Today, my parents will celebrate 50 years of marriage. Incredible. I am guessing that they will mark this milestone with as much fanfare as they greet almost any event, with happy acknowledgement, maybe a light kiss or a friendly pat on the bum “Oh Ken!” – but, it will all be done without much of a to-do.
They are happy to be with each other and that is enough for them. I have wished at different times in my childhood that there was more fanfare, more pomp and circumstance, more everything – I like things big and bold and have a more the merrier way of thinking about things. Not them, they like to go out, they love to entertain, but most of all – they really enjoy each other’s company.
Life hasn’t been perfect for them or the family they built, in fact sometimes, it has been cruel to them. But I suppose that’s to be expected when you consider that we are talking about a span of 50 years. Through everything, all the ups and downs and the unexpected curve balls, I think they endured because they laugh at themselves and each other very easily.

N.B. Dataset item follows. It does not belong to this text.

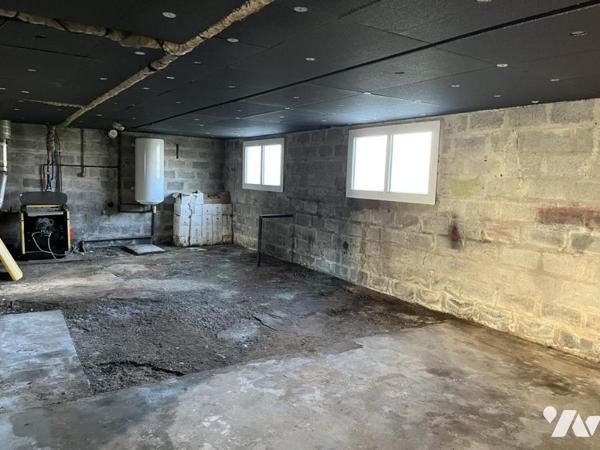 Maison 4 pièces élevée sur sous-sol complet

As a kid I can remember my father walking through the house singing the words “you remind me of your mother” and then I would hear my mother laugh. Turns out she had done something to irritate him, likely a small thing, but he sang out his silly song and she laughed. And then it was over. When my mother was irritated with my father I never heard her do anything more than say something like – “you just think you’re a big whoop, Ken!” or some other nonsense word she made up and then he’d laugh. And then it was over. They might get in each other’s craws – they just didn’t stay there. They moved on.

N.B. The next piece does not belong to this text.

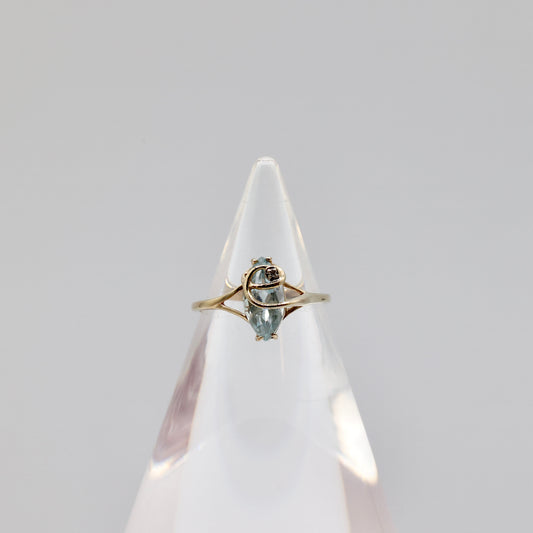 10k Light Blue Topaz with a White Diamond Ring - Size 8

Here’s the other thing. My mother and father rarely when out for dinner when I was little. We had no extra money so it was a big deal when they did. They didn’t dine out at restaurants, they went to friends’ houses or they entertained at our house. But, since it was a big deal to go out, and since it was the 70’s, they got dressed-up. And, without fail, every morning after their big night out, as we gathered around the breakfast table, my dad would say to us, “Your Mom was the prettiest girl at the party.” I loved hearing him say this because I thought my Mom was so beautiful. What I didn’t realize was how special it was that my Dad would say that to us – that he would tell us on those Sunday mornings just how special our mom was to him. He said she was the prettiest but there was a lot more emotion in those words.
There was so much love.
Happy 50th Anniversary Mom & Dad. Thank you for showing me how to spend my 10,000 days, to laugh at myself, to let things go (I will work on that one some more), to enjoy the company of the people I love and to tell people how I feel. I love you.